(Martyred king of Northumbria)
The story of Oswald is related by the Venerable Bede. He was the son of King Aethelfrith, who took the throne in 592 and was murdered in 617. Oswald was forced by his enemies to flee to Scotland, where he converted to Christianity and was baptized. In 633 he returned to Northumbria and took the throne after his uncle, King St. Edwin, was killed in battle. Oswald engaged the British king Caedwalla in battle in 635, defeating him.
According to Bede, Oswald saw a vision of St. Columba prior to battle, and also carried with him a wooden cross. Oswald strove to convert people, and enlisted the help of St. Aidan to do so, giving him the island of Lindisfarne. During his reign, he helped the poor and was popular with his subjects. He built churches and monasteries. On August 5, 642, Oswald was killed in battle at Maserfield as he fought the forces of the pagan king Penda of Mercia. His niece, Queen Osthrida of the Mercians, had his bones taken by wagon to the monastery in Lindsey, where she wished them to be buried.

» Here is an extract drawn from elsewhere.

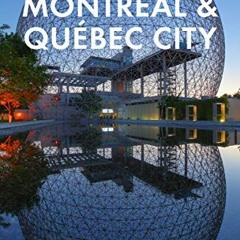 Open PDF Fodor's Montreal & Quebec City (Full-color Travel Guide) by  Fodor's Travel Guides
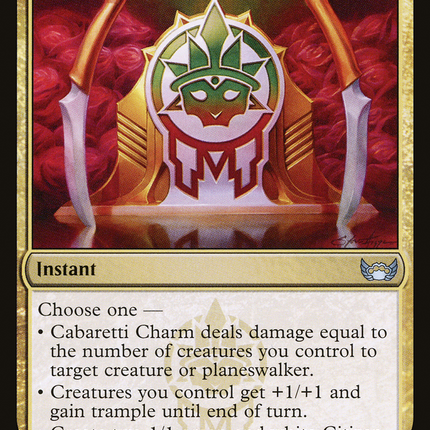 Cabaretti Charm [Streets of New Capenna]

But the monks there were reluctant to take them, since the king had been from another province. The bones were left out at night with a tent over them while the issue was discussed. During the night, a pillar of light was seen reaching from the wagon to the heavens. It was taken as a sign that the monks were meant to accept the relics, which they did. Oswald’s skull is preserved in St. Cuthbert’s coffin in Durham. During the Middle Ages, he was widely revered as a martyr. In art Oswald is shown with a raven holding a ring in its beak.